Chemical insecticides are still considered an important strategy for controlling insect pests in agroecosystems, but their frequent use poses a threat of selection pressure and causes resistance problems in insect pests17,42. The insecticide selection pressure is often associated with the use of lethal concentrations that possibly eliminate susceptible individuals30. However, insect pests are often exposed to varying levels of sublethal insecticide doses in fields as the insecticide concentration gradually declines due to rainwater leaching and degradation in the field43,44. Therefore, understanding the sublethal effects of an insecticide on the biological traits of its target pest is critical for the rational use of insecticides and for developing effective IPM programs31,45. As CPF is a widely used insecticide against S. litura, it is important to study the sublethal effects of this insecticide on S. litura.

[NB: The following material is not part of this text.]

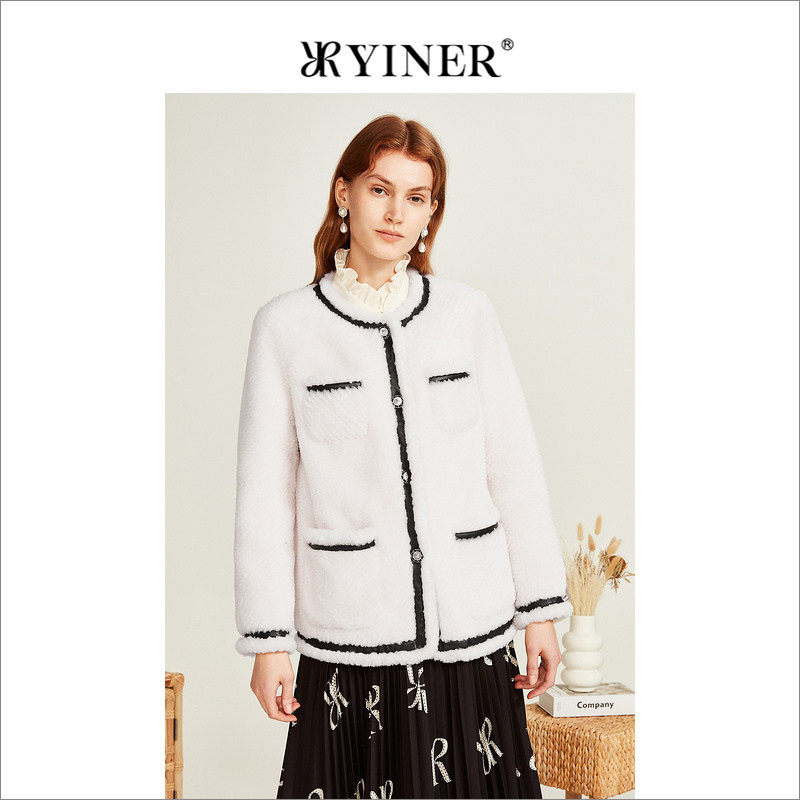 YINER音儿专选女装冬季时尚撞色皮革勾边保暖环保羊毛皮草外套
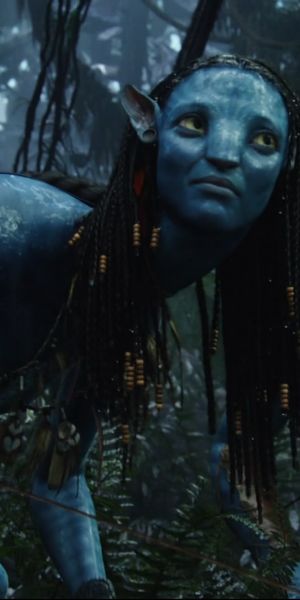 Jake Sully and Neytiri in Lush Nature - Avatar Mobile Wallpaper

The results indicated that the selection pressure of CPF induced a low level of resistance in S. litura from the F1 to F8 generations. An increase in the LC50 of CPF from 94.04 µg/mL in F1 to 232 µg/mL in the CPF-Sel (F8) population indicated 2.81-fold increase in resistance ratio compared to the Unsel-Lab (F8) population. A low-level resistance was also reported by Zhang et al.10 where the resistant ratio of S. litura larvae to CPF was increased to 3.47-fold over the susceptible strain after being treated for 12 generations. Besides lepidopterans, insecticide-induced low level of resisitance has also been documented in insect pests belonging to different orders. For instance, resistance of Aphis gossypii (Glover) (Hemiptera: Aphididae) to imidacloprid displayed a slow increase with a resistance ratio of 4.81-fold for selection pressure upto 9 generations46. Similarly, in yellow fever Mosquito, Aedes aegypti (Linnaeus) (Diptera: Culicidae), continued selections for 40 generations caused only a 3.80-fold increase in tolerance to deltamethrin47. Furthermore, Liriomyza sativae (Blanchard) showed a moderate level of resistance to CPF, with a resistance ratio of 40.34-fold after 23 generations of continuous laboratory selection compared to an unselected population48. In contrast, P. solenopsis exhibited a higher level of resistance, with a resistance ratio of 539.76-fold after 9 generations of continuous laboratory selection49. This suggests that the resistance levels associated with the selection process under laboratory conditions can be low, moderate, or high depending on a variety of factors such as the number of generations involved in the selection process, previous history of exposure to insecticides, selection techniques, and geographic origins of populations and presence of susceptible and resistant genes15,50.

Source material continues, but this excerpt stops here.